“Evaluation, Reliability, and Validity: How Credible are Your Diversity Initiative Assessments of Progress and Results?”

Performance MeasurementEvaluation is a task that every Diversity Practitioner will face at one time or another. No matter what your role such as Trainer, Consultant, Chief Diversity Officer (CDO), Council Member, ERG/BRG Leader, etc., conducting an evaluation to assess key aspects of your Diversity and Inclusion initiatives is inevitable.

Two Definitions of Evaluation

People do not always agree on one definition of evaluation. Following are statements that reflect two different definitions:

  • “Evaluation is the systematic process of collecting and analyzing data in order to determine whether and to what degree objectives have been or are being achieved.”
  • “Evaluation is the systematic process of collecting and analyzing data in order to make a decision.”

Notice that the first ten words in each of the definitions are the same. However, the reasons-the “Why!”-for collecting and analyzing the data reflect a notable difference in the philosophies behind each definition. The first reflects a philosophy that as an evaluator, you are interested in knowing only if something worked, if it was effective in doing what it was supposed to do. The second statement reflects the philosophy that evaluation makes claims on the value of something in relation to the overall operation of a Diversity intervention, project, or event. Many experts agree that an evaluation should not only assess program results but also identify ways to improve the program being evaluated. A Diversity program or initiative may be effective but of limited value to the client or sponsor. You can imagine, however, using an evaluation to make a decision (the second definition) even if a program has reached its objectives (the first definition).

For some, endorsing Diversity Evaluation is a lot like endorsing regular visits to the dentist. People are quick to endorse both activities, but when it comes to doing either one, many Diversity Practitioners are very uncomfortable.

Evaluation: An Essential Element of Success

Evaluation is an absolutely essential ingredient when you are attempting to close performance gaps or improve performance. It is the only way to determine the connections between performance gaps, improvement programs, and cost-effectiveness. Evaluation is one of the most cost-effective activities in diversity performance improvement, because it is the one activity that, if applied correctly, can ensure success. It is often resisted, however, because of the fear that it could document failure. Evaluation is the process that helps us make decisions about the value of all the activities we have been engaged in and whether they are a worthwhile investment for the organization. Without systematic evaluation we are left with “wishful thinking” or self-service impressions that are often wrong and sometimes dangerous.

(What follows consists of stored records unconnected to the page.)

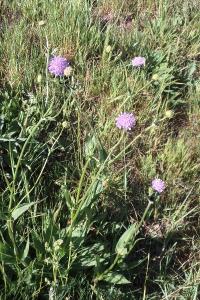 <i>Knautia arvensis</i>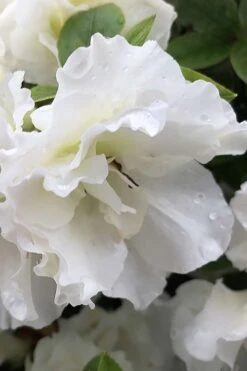 Perfecto Mundo Double White Reblooming Azalea - 2 Gallon Pot 11 Perfecto Mundo Double White Reblooming Azalea - 2 Gallon Pot -Garden Plant Shop azalea perfecto mondo double white 1 1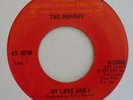 The Poppies,My Love And I / There's A Pain In My Heart.7
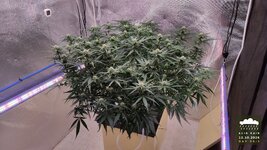 2026-10-12_acid-rain-01_flo-w08d56_full_01.jpg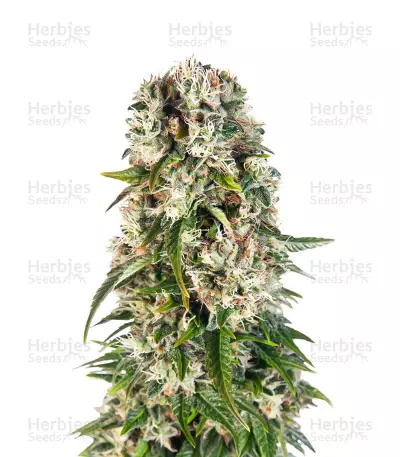 Buy Big Bud Automatic feminized seeds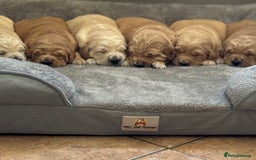 Golden Retriever dogs for sale: Beautiful KC Registered Golden Retrievers for Sale - Image 1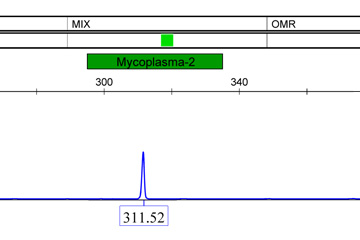 支原體(tǐ)檢測-熒光PCR+毛細管電(diàn)泳使得檢測靈敏度上升千倍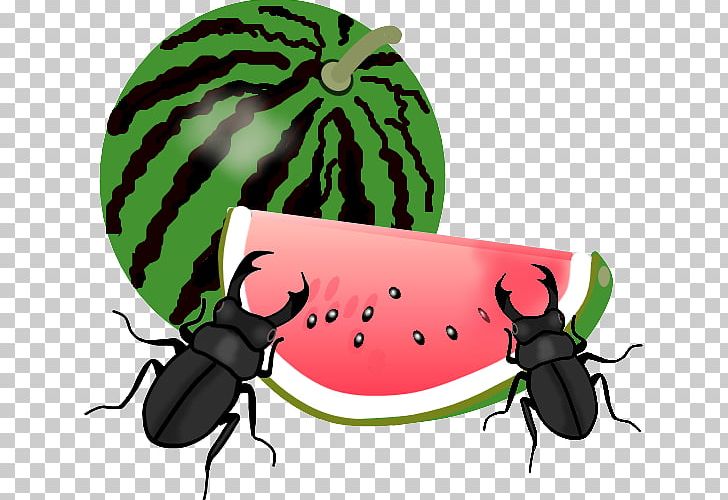 Watermelon Fruit PNG, Clipart, Beetle, Book Illustration, Citrullus, Confectionery, Cucumber Gourd And Melon Family Free PNG Download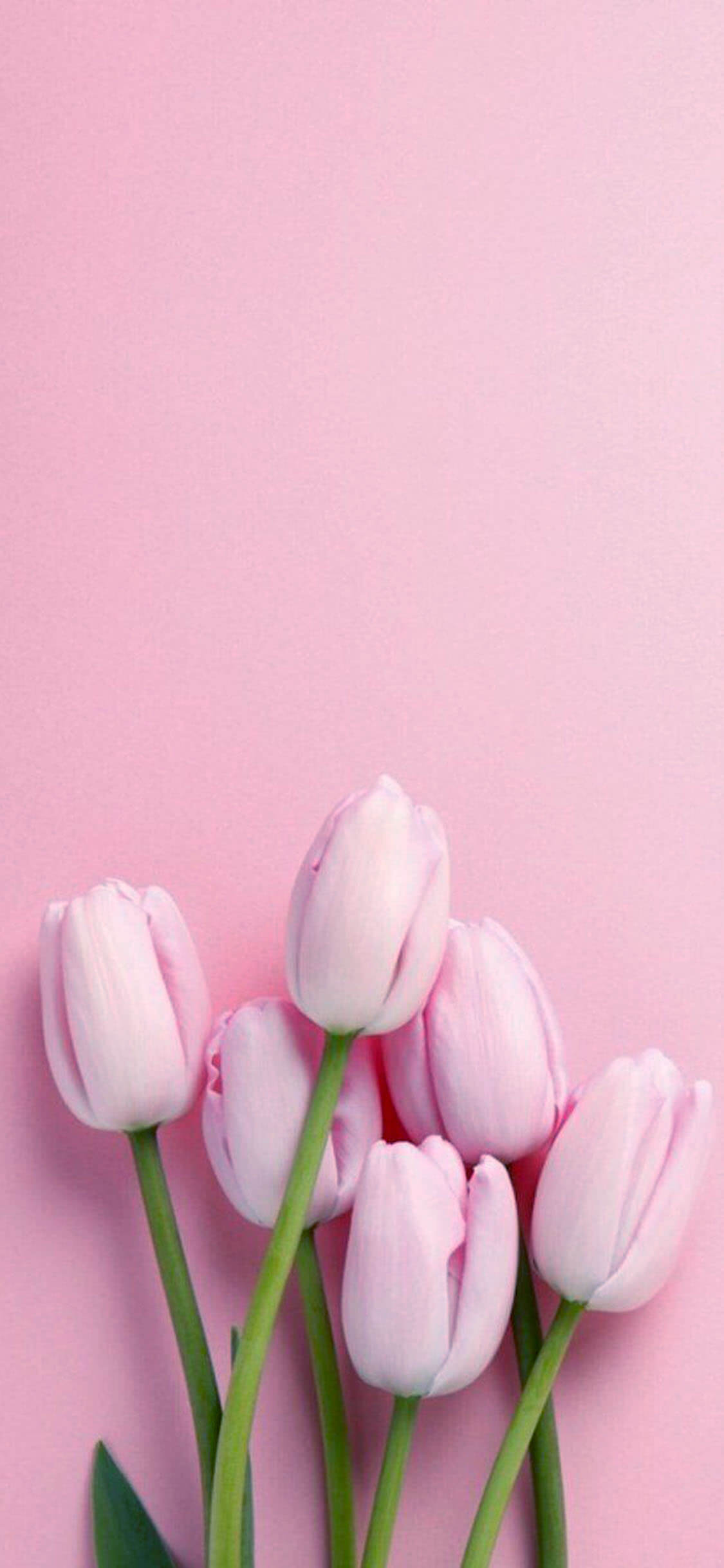 28+ Best Flowers iPhone Wallpapers & Backgrounds - Templatefor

All evaluation studies must satisfy two criteria: reliability and validity. Establishing these criteria up front will help you communicate your expectations to the C-Suite and any vendors who deliver programs and assist in your Diversity initiatives. Reliability, the simpler of the two, requires all evaluation methods give the same results each time we measure. This protects you against measures that change constantly and produce different results every time they are used, because of the measuring instrument. Reliability is relatively easy to achieve, yet its importance is often overlooked. To overcome this you must utilize specific Diversity science procedures and instruments for measuring the aspects of Diversity performance and goal achievement that are reflected in the initiative’s objectives, strategies and the organization’s performance gaps. Next, you have to standardize these procedures such that they measure in the same way every time. These activities can be perfectly compatible with the way correctly designed Diversity initiatives are structured and administered.

The second criterion, validity, requires that all evaluations measure exactly and only what it is supposed to be measuring. This criterion is one of the requirements most often violated in Diversity performance and other assessments. For example, if we attempt to measure the amount of knowledge employees gained in a Diversity Competency Training program using a “Reaction” form that asks them how much they learned, the results will indicate how much employees “think” they learned, not how much they “actually” learned. Reaction forms too often report high amounts of learning when little occurred and vice versa (Clark, 1982). Consequently, training reaction evaluation could be reliable but not valid in these cases, because the actual results were the opposite of what the invalid instrument reliably reported! If the instrument reported the same invalid result each time it was used, it is still reliable—which is why we need both reliability and validity for all evaluation activities.

An example of a valid measurement of learning would be a Diversity competency problem-solving exercise or memory test (provided they represented the knowledge and skills the participants learned during the training. The more you make use of Diversity sciences and research evidence about the event being measured, the better your chances of for validity. Performance evaluation systems such as the Hubbard 7-Level Evaluation Methodology, integrates these approaches in the process.

Conducting a comprehensive Diversity Evaluation is the only true way to know if Diversity and inclusion programs or initiatives are delivering the outcome results expected by key stakeholders. It is essential that Diversity Practitioners master critical Diversity and Inclusion evaluation methods using technologies that are rooted in Diversity ROI® science. Why? Because the perceived value and credibility of what we do to be seen as a true Business Partner and Professional depends on it!